ACTIVITY: Show each line of the records in which the word "photo" occurs.

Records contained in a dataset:
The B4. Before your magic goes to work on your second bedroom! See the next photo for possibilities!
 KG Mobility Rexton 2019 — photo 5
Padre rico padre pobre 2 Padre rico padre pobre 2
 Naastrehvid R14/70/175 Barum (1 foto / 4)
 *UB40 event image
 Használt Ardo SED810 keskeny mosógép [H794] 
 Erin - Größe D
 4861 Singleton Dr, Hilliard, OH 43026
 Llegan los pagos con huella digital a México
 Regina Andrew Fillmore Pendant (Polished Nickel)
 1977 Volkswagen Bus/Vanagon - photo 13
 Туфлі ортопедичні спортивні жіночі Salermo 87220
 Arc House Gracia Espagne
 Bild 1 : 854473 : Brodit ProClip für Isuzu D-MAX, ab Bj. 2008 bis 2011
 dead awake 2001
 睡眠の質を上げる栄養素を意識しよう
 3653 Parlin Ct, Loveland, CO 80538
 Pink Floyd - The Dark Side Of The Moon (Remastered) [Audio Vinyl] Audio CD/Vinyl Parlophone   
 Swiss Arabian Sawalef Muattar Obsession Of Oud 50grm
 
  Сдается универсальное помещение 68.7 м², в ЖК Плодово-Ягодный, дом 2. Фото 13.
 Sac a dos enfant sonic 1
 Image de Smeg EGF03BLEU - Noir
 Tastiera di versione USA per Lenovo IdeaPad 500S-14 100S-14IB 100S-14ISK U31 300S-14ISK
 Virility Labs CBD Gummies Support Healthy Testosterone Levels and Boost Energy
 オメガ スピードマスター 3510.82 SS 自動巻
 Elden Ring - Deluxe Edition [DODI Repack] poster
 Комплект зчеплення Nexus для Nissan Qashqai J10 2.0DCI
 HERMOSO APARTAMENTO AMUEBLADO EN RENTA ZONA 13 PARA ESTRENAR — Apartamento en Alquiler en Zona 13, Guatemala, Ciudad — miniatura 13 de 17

OUTPUT FOR THIS EXERCISE:
The B4. Before your magic goes to work on your second bedroom! See the next photo for possibilities!
 KG Mobility Rexton 2019 — photo 5
 1977 Volkswagen Bus/Vanagon - photo 13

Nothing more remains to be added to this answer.